The concessions to be offered by Airtours are expected to include guaranteed places for independents on the enlarged group's chartered airlines and the disposal of several First Choice business, including Unijet, the airline operator First Choice bought for pounds 110m last July.
But analysts say the Commission will accept nothing less than the creation of a fourth UK operator to resolve competition issues. This would mean Airtours selling such a large chunk of the assets it hopes to acquire, perhaps including First Choice's main airline arm, Air 2000, that the takeover would become economically unfeasible. One said: "If that is what Airtours needs to do to placate the Commission, it torpedoes the economics of the acquisition." First Choice shareholders, who earlier this year rejected an approach from Kuoni, the Swiss firm, would be unlikely to accept such a deal.
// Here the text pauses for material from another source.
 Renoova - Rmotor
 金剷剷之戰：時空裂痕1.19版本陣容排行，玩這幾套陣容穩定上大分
It is understood Airtours has already offered to sell two First Choice businesses: Viking Aviation, the aircraft-seat broking arm of Unijet, and Eclipse, which sells holidays over the phone. But the Commission is said to have requested further disposals.
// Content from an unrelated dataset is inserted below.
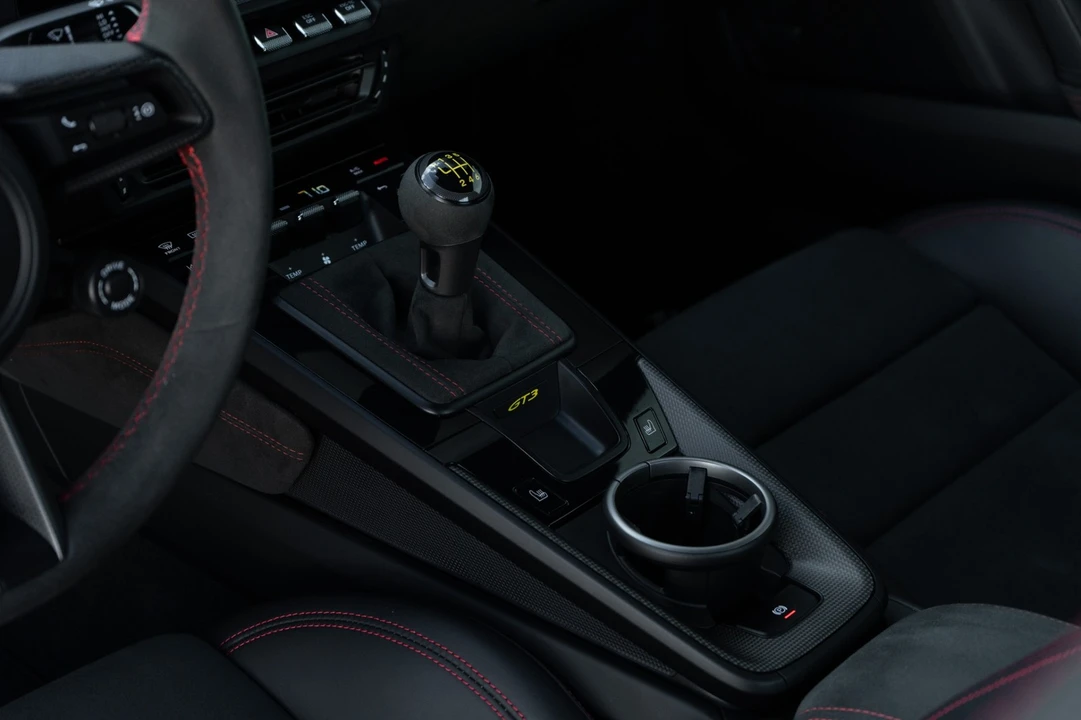 2024 Porsche 992 GT3 - Image 21 of 21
A sale of Unijet would shave pounds 10m to pounds 15m off the pounds 35m of cost-savings Airtours hoped to generate from its link-up with First Choice. One analyst also raised doubts about selling Unijet as a separate unit, as it has been integrated with Air 2000 by First Choice.
Tim Byrne, Airtours' finance director refused to comment yesterday on the possible terms of its proposed bid, but said if an agreement was reached with the Commission, the company would then have 21 days to make a second offer to First Choice.
Meanwhile, First Choice yesterday named Peter Long, the company's managing director, as its new chief executive. The restructuring also includes the appointment of Dermot Blastland to the board as managing director of UK and Ireland tour operations and the planned shifting of chairman Ian Clubb to a non-executive role.